As I ruminated on it, i feel that a major reason is this: I have failed to grasp the incredibly complex educational roadmap here :-
*That your child should aspire to Higher Mother Tongue because it gives her points which add to her T-score (the bottomline score when it comes to determining the next phase of your child’s educational experience)
* That she should have joined a co-curricular activity that boasts of national-level excellence which in some way proves she has the mettle for tougher regimes ahead; and perhaps a Direct Secondary School Admission.

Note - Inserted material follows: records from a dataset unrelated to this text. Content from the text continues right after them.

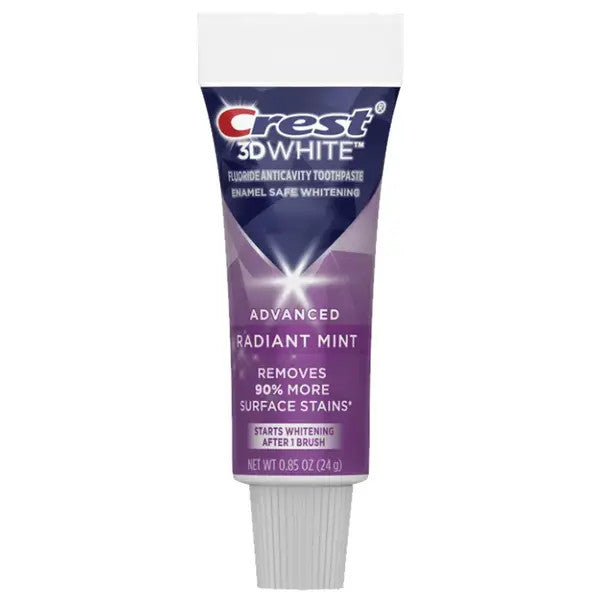 Travel Size Crest 3D White Fluoride Anticavity Toothpaste - Radiant Mint 0.85 oz Pack of 3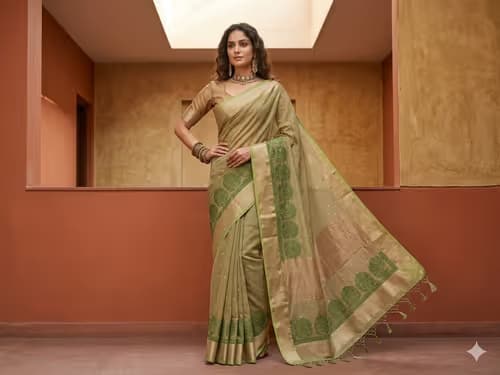 Organza tissue saree with ready blouse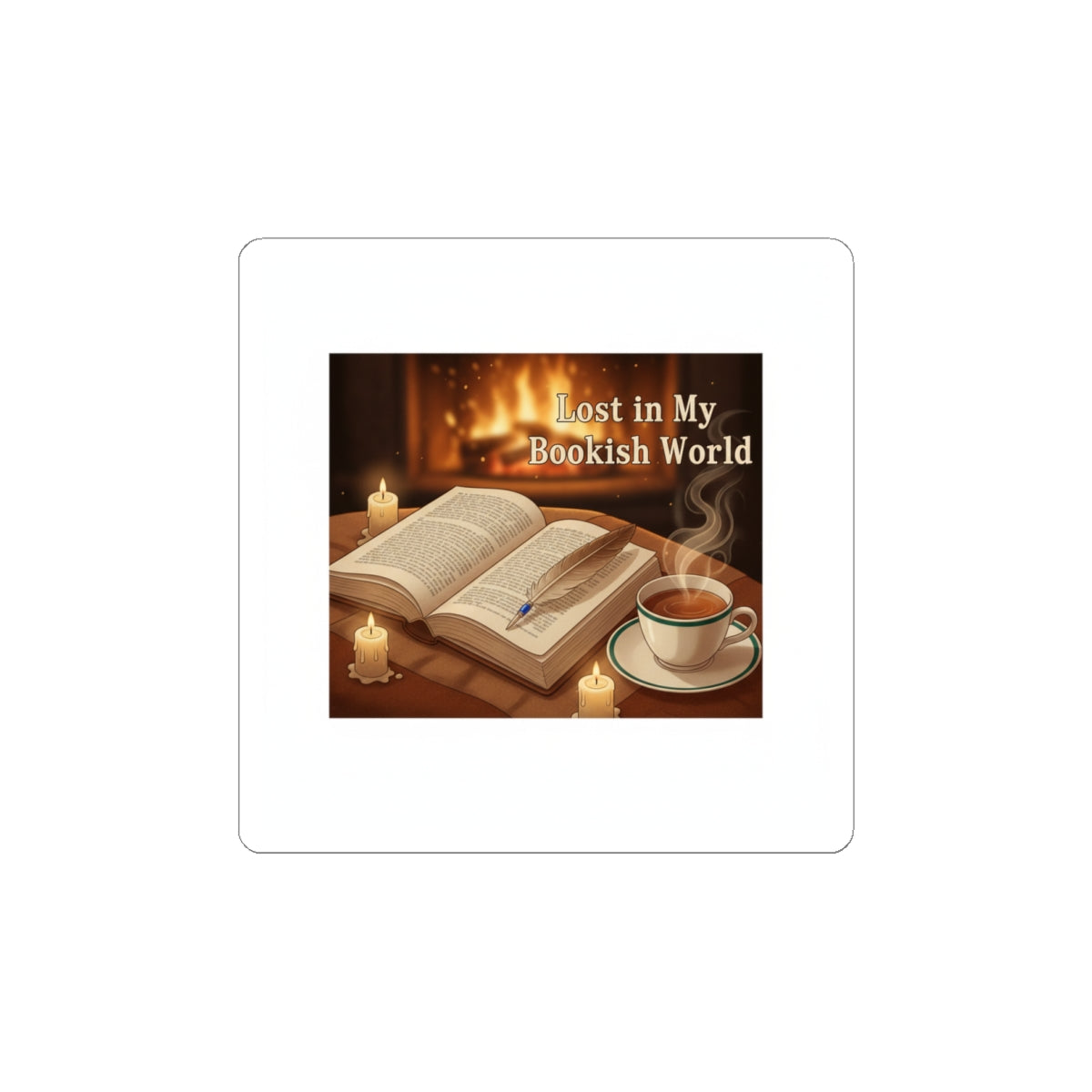Lost in My Bookish World Sticker | Reading Nook, Cozy Booklover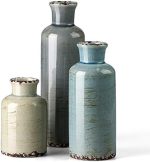 CwlwGO- Ceramic vase 3 Piece Set, Small Flower vase for Home Decoration, Modern Farmhouse...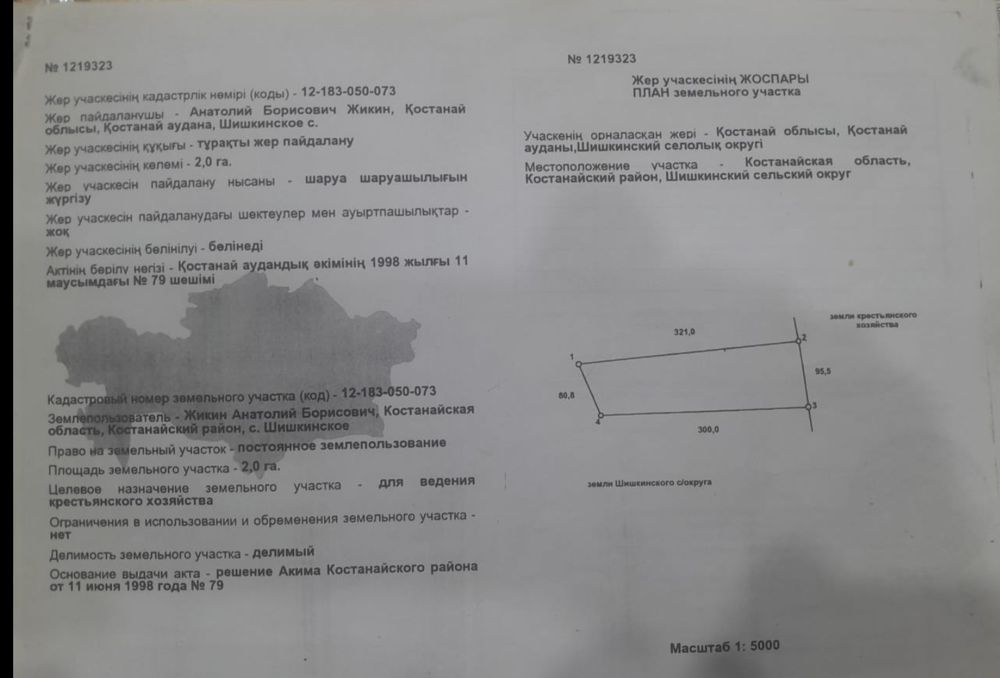Продам землю для ведения к.х.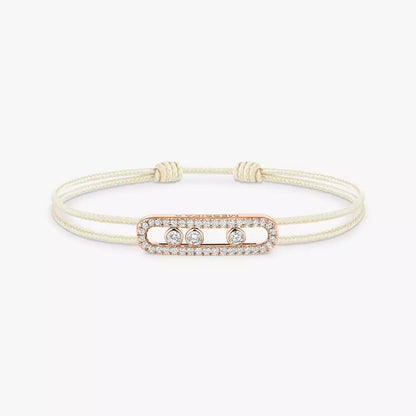 [Super Jewellery]Messika Care(s) pink cord pavé bracelet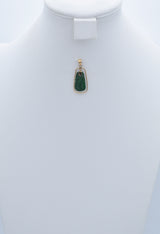 Vintage 14K Yellow Gold Green Jade Carved Squash Fruit Pendant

* that she should have taken every one of those enrichment opportunities from scrabble to ballet to the hilt to prove that she is among the elite; once again standing her in good stead for an esteemed secondary schooling experience such as Integrated Program.
Alas, I just am not the grand tactician who can grasp this scheme of things but plan my moves and arrange my resources so. So I had taken the clueless path of making decisions one step at a time. She’s too tired, choose another co-curricular activity. Go easy on the purse and the pressure, so let’s not have too much tuition. Top class or mid-of-the-range? The latter please.
But now I’m a bundle of nerves! It’s clear as light to me what my daughter is capable of, but I just have to hope that this one exam which everything hinges on goes predictably smoothly. At the back of my mind, a tiny voice kept saying I did not push her to reach her best; and the more I browse the secondary schools which all parents aspire their kids to end up in, the worse I feel.
I had vowed that the exams will be hers, not mine. I went to work, was at a meeting when she returned home from the first day of PSLE. Everything was cool – except my nerves!
I just wonder how many parents feel like I do?
The system is so complicated with the options and possibilities: IP, Express, Normal (Acad), Normal (Tenchincal), regular secondary schools, programs in junior colleges, Aesthetics and Music electives…and on... it really takes a strategist to figure it out. We had planned to set aside time to consider options and pick the six choices we have. But I cannot seem to shut the door on the information which I feel so overwhelmed by. It keeps demanding to be studied more carefully. There go those nerves again: for someone not known to major on details, I guess I have to bear with it. It’s two more days (with a weekend thrown in) where the exams are concerned; but it’s been a long journey and I am tired!